Rise’s Carter can point to two St. Louis-based examples of affordable housing that a new injection of federal housing funds and a wave of incentivized zoning reform might help catalyze. The C.O.N.E.C.T. St. Louis Project—one of the first projects undertaken by Rise—involved rehabilitating distressed 19th-century apartment buildings in Old North St. Louis and Forest Park Southeast into 59 affordable units. And then there’s the Adams Grove project: a mixed-income development of 50 townhouses and garden apartments. Adams Grove exemplifies a community development approach in which property value appreciation is as much a consideration as stock growth. “We build affordable housing, but what we try to do is go into the communities where there’s disinvestment and build housing that hopefully raises property values,” Carter says. The goal is to give other developers the confidence to build in the community. Since the completion of the affordable rentals in Adams Grove, subsequent developments in the area have included restaurants, workforce housing for two hospitals in the vicinity, and even some market-rate condos and apartments. Both Adams Grove and C.O.N.E.C.T. were partially funded with LIHTC, and St. Louis’s zoning laws—relatively moderate compared with the exclusionary zoning that’s squeezing cities like San Francisco, New York, and Seattle—made it possible for these development projects to get off the ground.
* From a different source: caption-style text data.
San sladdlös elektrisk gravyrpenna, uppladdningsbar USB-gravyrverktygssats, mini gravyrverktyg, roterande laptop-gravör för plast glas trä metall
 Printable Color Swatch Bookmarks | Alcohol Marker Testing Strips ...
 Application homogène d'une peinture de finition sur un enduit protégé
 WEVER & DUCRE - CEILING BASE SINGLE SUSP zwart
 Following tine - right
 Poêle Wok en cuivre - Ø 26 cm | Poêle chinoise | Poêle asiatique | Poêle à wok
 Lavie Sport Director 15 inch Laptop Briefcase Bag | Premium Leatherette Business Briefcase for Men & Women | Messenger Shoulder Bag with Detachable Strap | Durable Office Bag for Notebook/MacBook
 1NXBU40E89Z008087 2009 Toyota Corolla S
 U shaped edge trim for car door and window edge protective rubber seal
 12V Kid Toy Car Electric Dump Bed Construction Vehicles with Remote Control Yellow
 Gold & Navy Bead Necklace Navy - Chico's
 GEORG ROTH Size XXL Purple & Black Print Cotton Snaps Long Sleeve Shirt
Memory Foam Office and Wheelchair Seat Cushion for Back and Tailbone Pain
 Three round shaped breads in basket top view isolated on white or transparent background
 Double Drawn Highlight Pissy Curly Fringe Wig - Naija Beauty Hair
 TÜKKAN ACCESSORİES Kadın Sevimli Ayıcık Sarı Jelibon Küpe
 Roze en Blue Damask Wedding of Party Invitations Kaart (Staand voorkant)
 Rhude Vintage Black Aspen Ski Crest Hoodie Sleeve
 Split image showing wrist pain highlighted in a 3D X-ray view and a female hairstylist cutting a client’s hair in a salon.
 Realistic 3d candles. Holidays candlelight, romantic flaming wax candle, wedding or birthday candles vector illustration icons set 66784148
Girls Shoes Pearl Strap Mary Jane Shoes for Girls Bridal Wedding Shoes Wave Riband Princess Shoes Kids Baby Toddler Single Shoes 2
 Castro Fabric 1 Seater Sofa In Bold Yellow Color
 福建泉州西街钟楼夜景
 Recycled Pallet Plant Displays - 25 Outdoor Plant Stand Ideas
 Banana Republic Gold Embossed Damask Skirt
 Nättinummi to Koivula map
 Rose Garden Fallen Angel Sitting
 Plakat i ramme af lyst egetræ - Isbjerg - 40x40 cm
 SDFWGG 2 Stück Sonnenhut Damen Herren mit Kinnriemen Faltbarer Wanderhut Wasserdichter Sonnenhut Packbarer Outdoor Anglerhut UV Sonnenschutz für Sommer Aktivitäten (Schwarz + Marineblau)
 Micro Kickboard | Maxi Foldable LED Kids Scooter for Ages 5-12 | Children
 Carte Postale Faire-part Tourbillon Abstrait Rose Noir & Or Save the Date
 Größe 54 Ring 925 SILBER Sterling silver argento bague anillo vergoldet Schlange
The economic and structural barriers to building more affordable housing won’t be completely overcome by revisiting zoning policies, or by offering community developers more capital and tax incentives. But the fact that one even has to ask how nonprofits and municipal housers can compete with private investors in a bullish housing market speaks to the enduring stranglehold of housing production barriers in the U.S. In a general sense, acquiring housing might be less expensive than building it. But in the current housing marketplace, with property values soaring and determined buyers making offers, will more acquisitions alone be enough to help lower-income Americans gain a foothold in the housing sector?  

The pandemic and mid-pandemic federal relief policies are an opportunity to divert more housing into the hands of mission-driven stewards and improve upon recession-era failures. But they also present a chance to go further and grow the housing pool itself, out of urgent necessity—urgent enough that some cities aren’t even waiting for state and federal governments to step in. Arriaga points to San Antonio, where city lawmakers are preparing to use the city’s five-year bond program to directly fund affordable housing developments. It would be a first for San Antonio but it’s an approach that has already been adopted by Austin, where voters approved a $250 million affordable housing bond in 2018. “In my mind, cities are now taking these steps to mitigate what still isn’t happening at a state or federal level, resource-wise,” Arriaga says. “They see the need locally.”